So your train back to New York is delayed. Does this mean Amtrak puts you on the next train into the city so you don't have to hang out at the station for two hours? Sure... if you are willing to pay the $34.00 price difference between your regional train ticket and the express train ticket. That's some terrific customer service right there! I wonder if they would be willing to pay me for the time I wasted because of their delay?
BAD: Things go so terribly wrong at work that everything is cancelled.
GOOD: You now have a free afternoon in New York City.
BAD: Your project is now delayed, which means you're screwed.
GOOD: There is a substance called alcohol that will make you not mind being screwed so much.
BAD: You're still screwed once the alcohol has worn off.
GOOD: There's always more alcohol...
"Hello. My name is Dave, and I'm an alcoholic" is only slightly less cool than "Hello. My name is Indigo Montoya. You killed my father. Prepare to die."
I think I'll go for it.
As an alcoholic I'll have a valid excuse for urinating in the street and bitch-slapping people who bother me. "I'm sorry officer, I was drunk" I will say when the police arrive at the scene.

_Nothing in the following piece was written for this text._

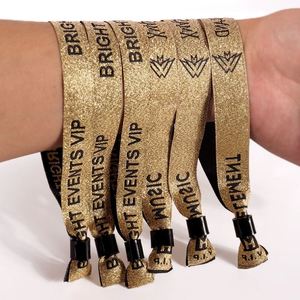 สายรัดข้อมือผ้าทอสีทอง - สายรัดข้อมือสำหรับเข้าชมงานวีไอพีแบบใช้แล้วทิ้ง ด้ายสีเงิน สำหรับงานประชุมและงานปาร์ตี้ - Product Image 2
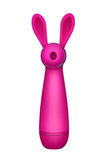 Long Handle Rechageable Rabbit Clit Vibrator Rose Red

I can only hope that I am not urinating on him as I say it, because that surely wouldn't go over very big with New York's finest...
Wandering back to Times Square for dinner, I was walking past the Hard Rock and saw something I never noticed before... there's a fork flashin' horns above the HRC guitar! So very cool...
And look! IT'S MR. PEANUT!!!
Everybody loves Mr. Peanut!
And I love New York.
Tomorrow I am going to spend the day goofing off in the city.